---------- Records shown ----------

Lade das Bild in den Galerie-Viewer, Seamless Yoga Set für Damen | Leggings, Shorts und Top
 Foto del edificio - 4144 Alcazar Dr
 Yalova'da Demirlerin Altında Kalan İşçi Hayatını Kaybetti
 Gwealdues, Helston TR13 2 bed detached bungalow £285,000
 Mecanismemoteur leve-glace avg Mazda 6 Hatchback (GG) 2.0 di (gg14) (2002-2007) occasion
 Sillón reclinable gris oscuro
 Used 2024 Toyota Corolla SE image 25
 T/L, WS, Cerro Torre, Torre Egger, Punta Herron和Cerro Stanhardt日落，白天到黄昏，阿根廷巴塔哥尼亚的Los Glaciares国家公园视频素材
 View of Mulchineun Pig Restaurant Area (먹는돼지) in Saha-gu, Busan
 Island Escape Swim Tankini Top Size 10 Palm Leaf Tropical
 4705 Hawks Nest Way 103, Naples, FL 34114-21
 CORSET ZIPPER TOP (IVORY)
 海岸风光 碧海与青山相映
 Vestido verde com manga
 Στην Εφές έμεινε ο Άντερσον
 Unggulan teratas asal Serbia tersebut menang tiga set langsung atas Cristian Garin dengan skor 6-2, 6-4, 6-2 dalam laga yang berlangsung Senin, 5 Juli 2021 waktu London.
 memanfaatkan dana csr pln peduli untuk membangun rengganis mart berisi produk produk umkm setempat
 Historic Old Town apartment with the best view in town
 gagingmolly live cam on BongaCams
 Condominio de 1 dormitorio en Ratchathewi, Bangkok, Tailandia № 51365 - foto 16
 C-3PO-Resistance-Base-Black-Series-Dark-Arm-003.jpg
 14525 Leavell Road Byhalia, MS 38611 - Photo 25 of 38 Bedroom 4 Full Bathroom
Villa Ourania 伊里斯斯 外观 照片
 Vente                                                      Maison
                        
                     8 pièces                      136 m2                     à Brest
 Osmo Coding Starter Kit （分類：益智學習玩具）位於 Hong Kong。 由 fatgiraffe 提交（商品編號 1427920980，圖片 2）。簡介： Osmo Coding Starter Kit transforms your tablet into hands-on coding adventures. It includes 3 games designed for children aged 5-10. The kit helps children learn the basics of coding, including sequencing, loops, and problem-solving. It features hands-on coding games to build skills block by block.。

----------

**What you need to do:** Return the full listing, word for word.

**Solved exercise:**
Lade das Bild in den Galerie-Viewer, Seamless Yoga Set für Damen | Leggings, Shorts und Top
 Foto del edificio - 4144 Alcazar Dr
 Yalova'da Demirlerin Altında Kalan İşçi Hayatını Kaybetti
 Gwealdues, Helston TR13 2 bed detached bungalow £285,000
 Mecanismemoteur leve-glace avg Mazda 6 Hatchback (GG) 2.0 di (gg14) (2002-2007) occasion
 Sillón reclinable gris oscuro
 Used 2024 Toyota Corolla SE image 25
 T/L, WS, Cerro Torre, Torre Egger, Punta Herron和Cerro Stanhardt日落，白天到黄昏，阿根廷巴塔哥尼亚的Los Glaciares国家公园视频素材
 View of Mulchineun Pig Restaurant Area (먹는돼지) in Saha-gu, Busan
 Island Escape Swim Tankini Top Size 10 Palm Leaf Tropical
 4705 Hawks Nest Way 103, Naples, FL 34114-21
 CORSET ZIPPER TOP (IVORY)
 海岸风光 碧海与青山相映
 Vestido verde com manga
 Στην Εφές έμεινε ο Άντερσον
 Unggulan teratas asal Serbia tersebut menang tiga set langsung atas Cristian Garin dengan skor 6-2, 6-4, 6-2 dalam laga yang berlangsung Senin, 5 Juli 2021 waktu London.
 memanfaatkan dana csr pln peduli untuk membangun rengganis mart berisi produk produk umkm setempat
 Historic Old Town apartment with the best view in town
 gagingmolly live cam on BongaCams
 Condominio de 1 dormitorio en Ratchathewi, Bangkok, Tailandia № 51365 - foto 16
 C-3PO-Resistance-Base-Black-Series-Dark-Arm-003.jpg
 14525 Leavell Road Byhalia, MS 38611 - Photo 25 of 38 Bedroom 4 Full Bathroom
Villa Ourania 伊里斯斯 外观 照片
 Vente                                                      Maison
                        
                     8 pièces                      136 m2                     à Brest
 Osmo Coding Starter Kit （分類：益智學習玩具）位於 Hong Kong。 由 fatgiraffe 提交（商品編號 1427920980，圖片 2）。簡介： Osmo Coding Starter Kit transforms your tablet into hands-on coding adventures. It includes 3 games designed for children aged 5-10. The kit helps children learn the basics of coding, including sequencing, loops, and problem-solving. It features hands-on coding games to build skills block by block.。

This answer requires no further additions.